TASK OBJECTIVE: Lines from the one containing "- Ft. Lauderdale" to the end of the records, both ends included and exactly as written, are the whole answer, and no pictures go in it.

EXERCISE INPUT:
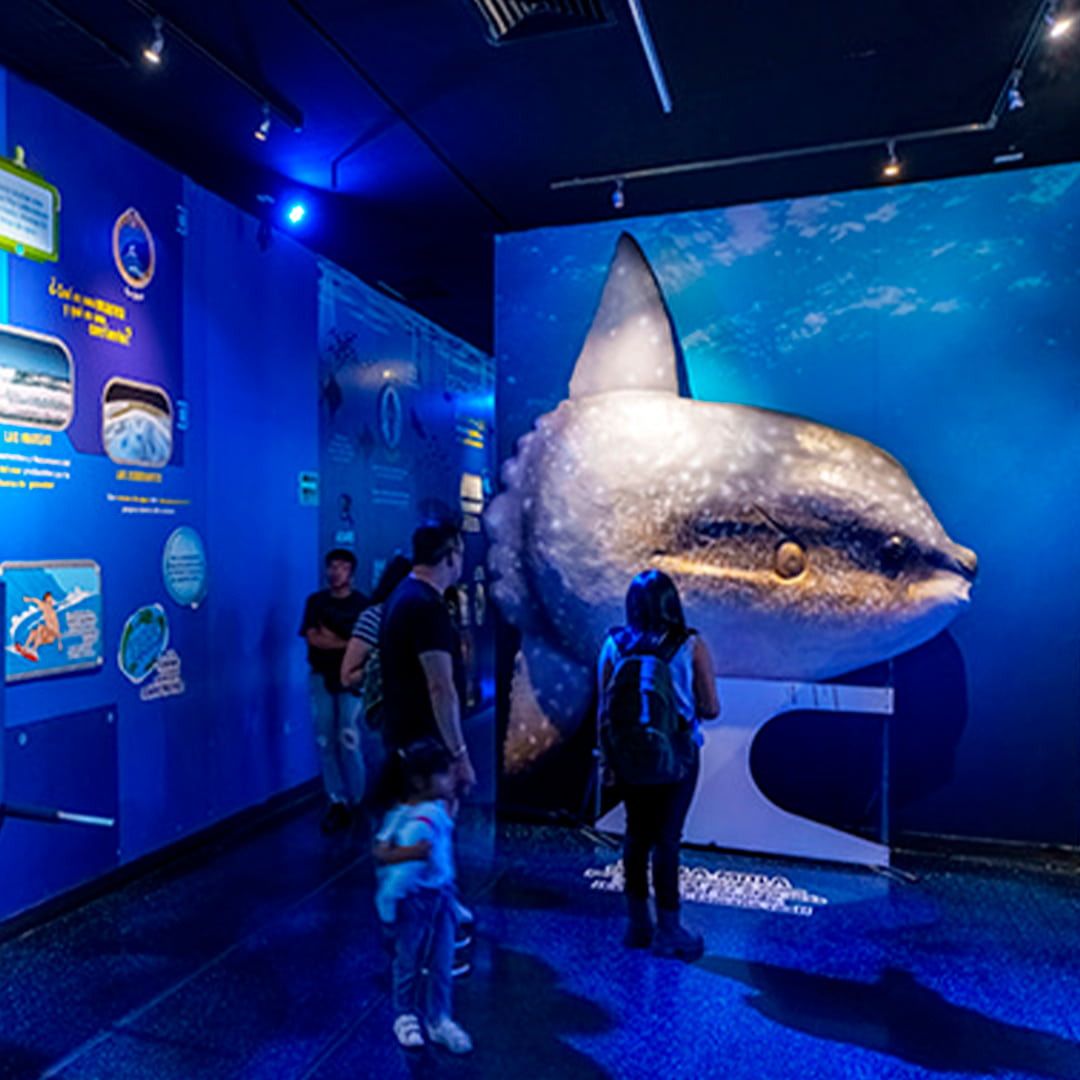 Acuario Interactivo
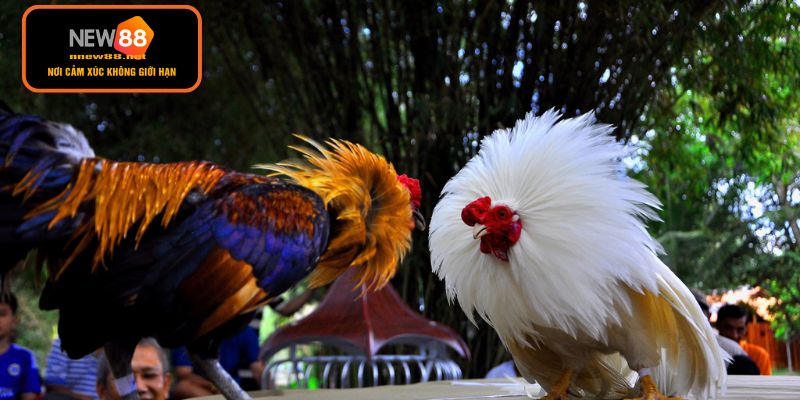 Bí quyết soi kèo hiệu quả cho người mới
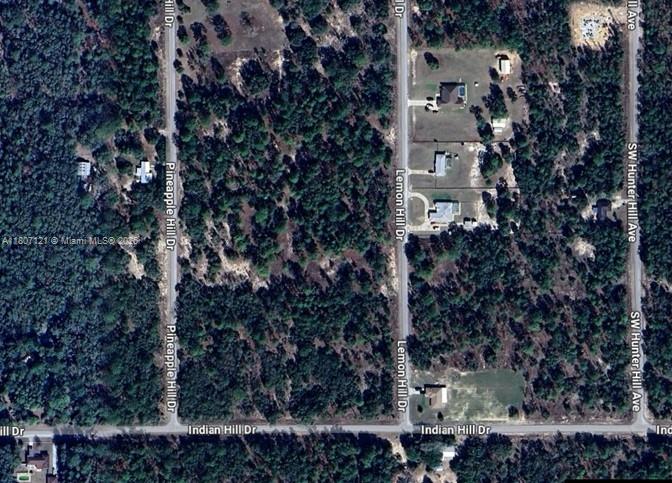 VACANT RESIDENTIAL LOT, 1.01 ACRES IN DUNNELLON, FL. GREAT INVESTMENT OPPORTUNITY!!! ALL INFORMATION FROM THE SELLER AND MUST BE VERIFIED BY THE BUYER!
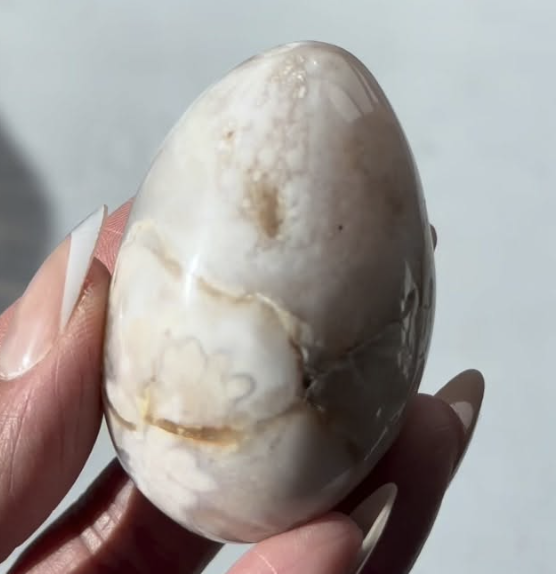 Screenshot 2026-04-11 at 12.36.12 AM.png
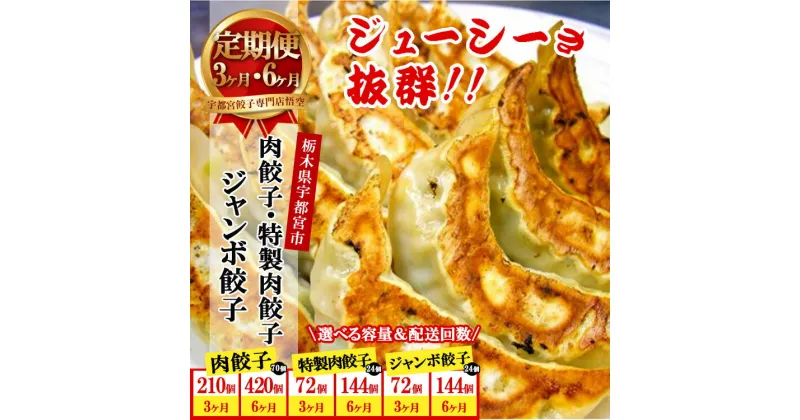 【ふるさと納税】【定期便】【選べる配送回数】宇都宮餃子専門店 悟空 肉餃子 特製肉餃子 ジャンボ餃子 3ヶ月 6ヶ月 ※離島への配送不可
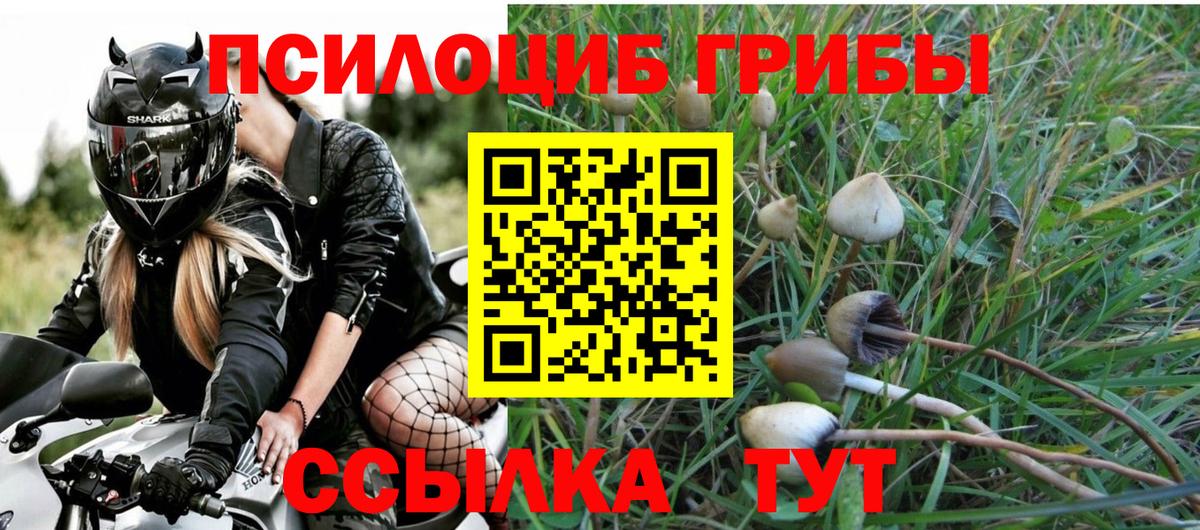 Истра  Псилоцибиновые грибы MAGIC MUSHROOMS  Вход с VPN 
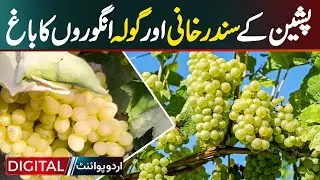 The Beautiful Garden Of Sundar Khani And Gola Grapes Of Pishin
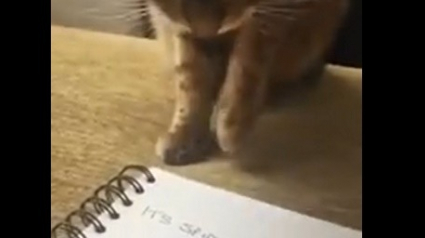 Illustration : Elle dessine une araignée, son chat l’attaque pour la protéger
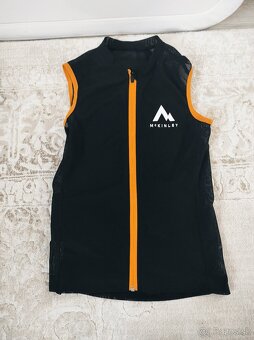 Predam chranic chrbtice na lyzovanie - 3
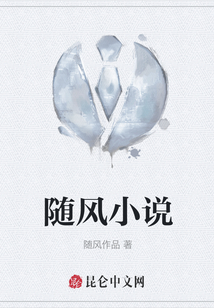 随风小说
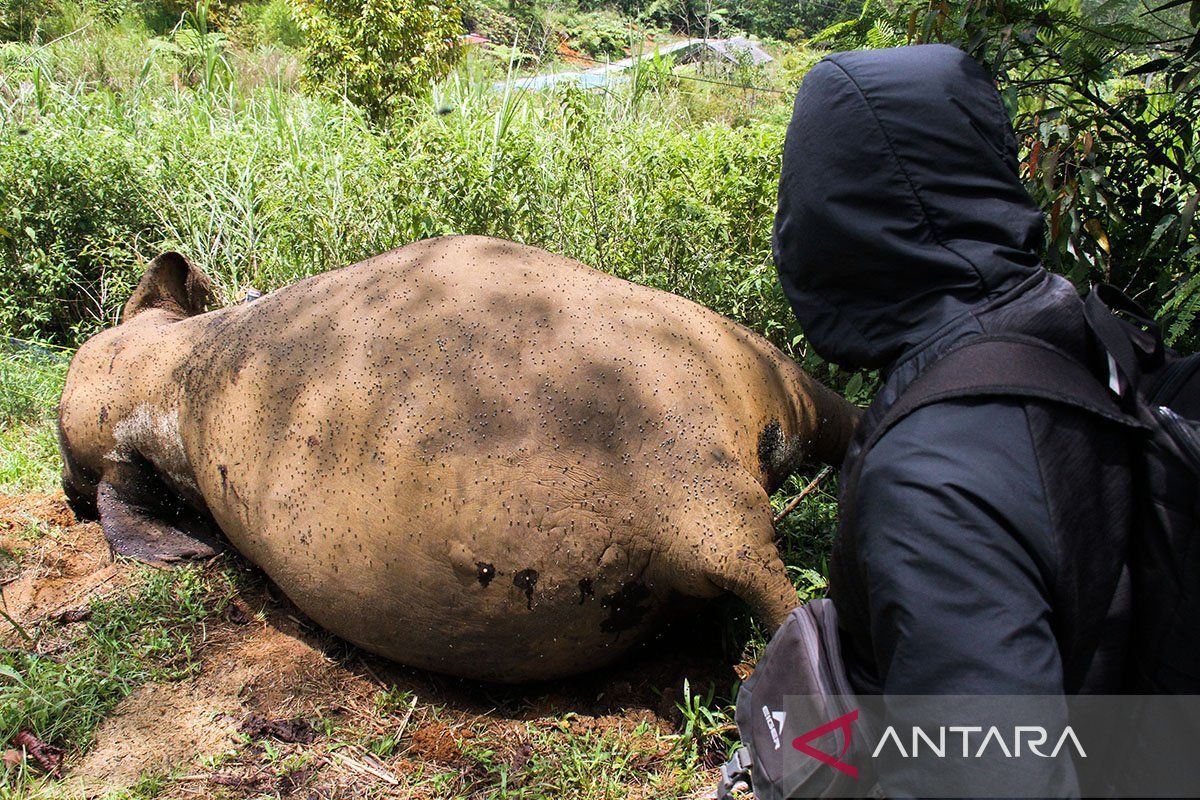 BKSDA turun tim nekropsi bangkai gajah sumatra di Aceh Utara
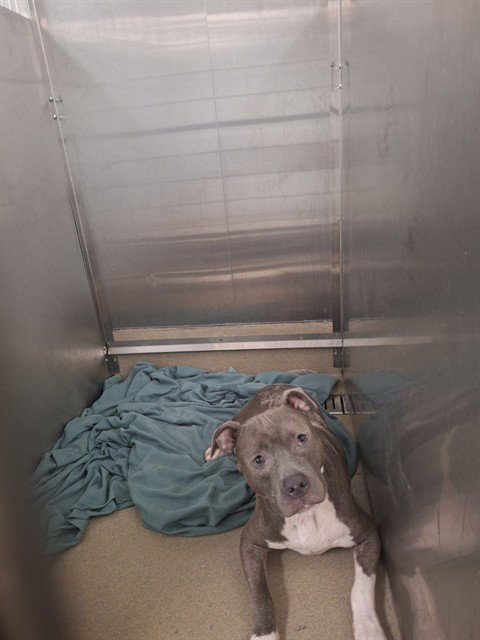 *MARLEN, a dog for adoption from Broward County Animal Care & Regulation - Ft. Lauderdale
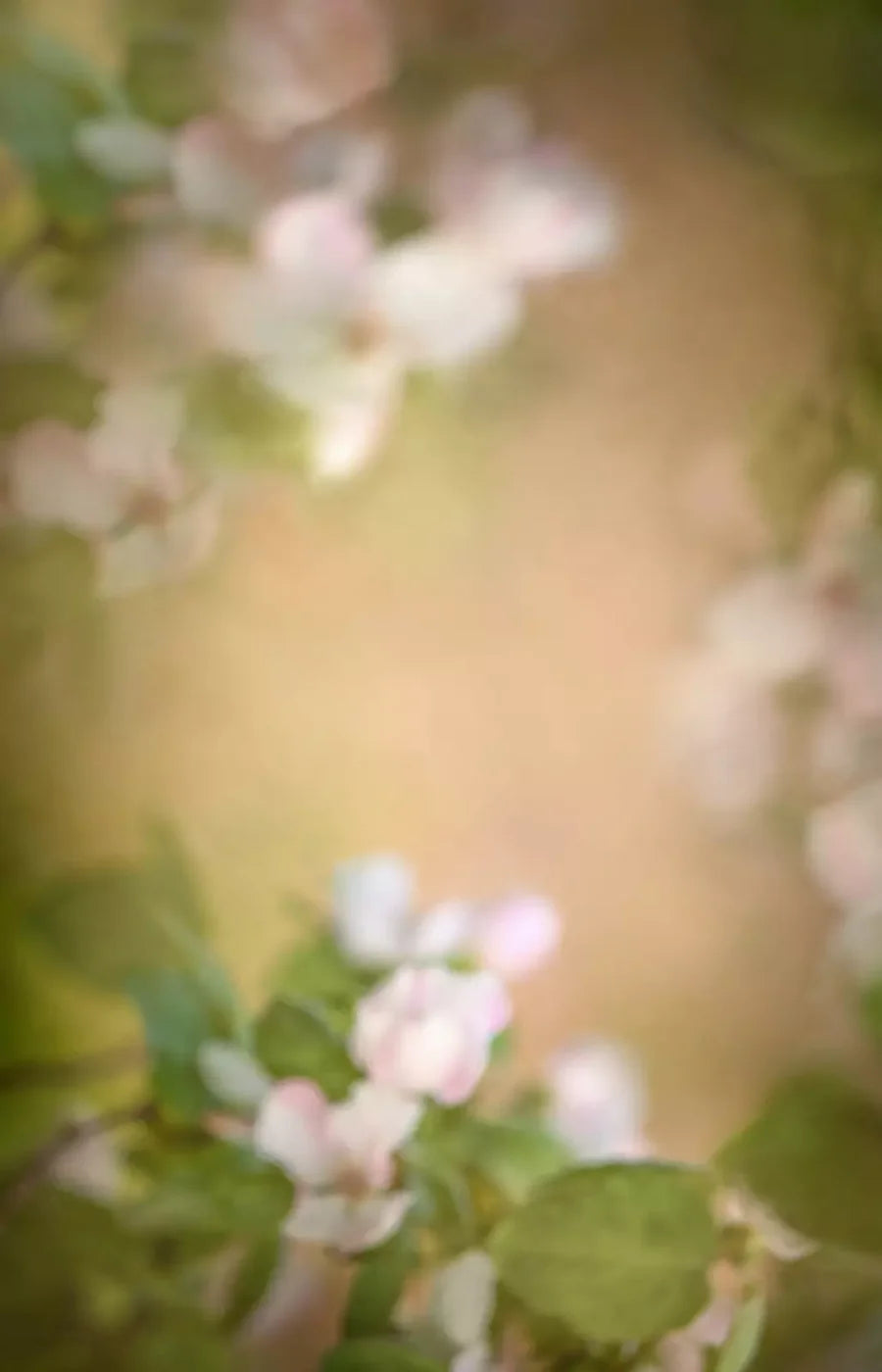 Spring Blossoms 8’X12’ Ultracloth (96 X 144 Inch) Backdrop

RESULT:
 *MARLEN, a dog for adoption from Broward County Animal Care & Regulation - Ft. Lauderdale
 Spring Blossoms 8’X12’ Ultracloth (96 X 144 Inch) Backdrop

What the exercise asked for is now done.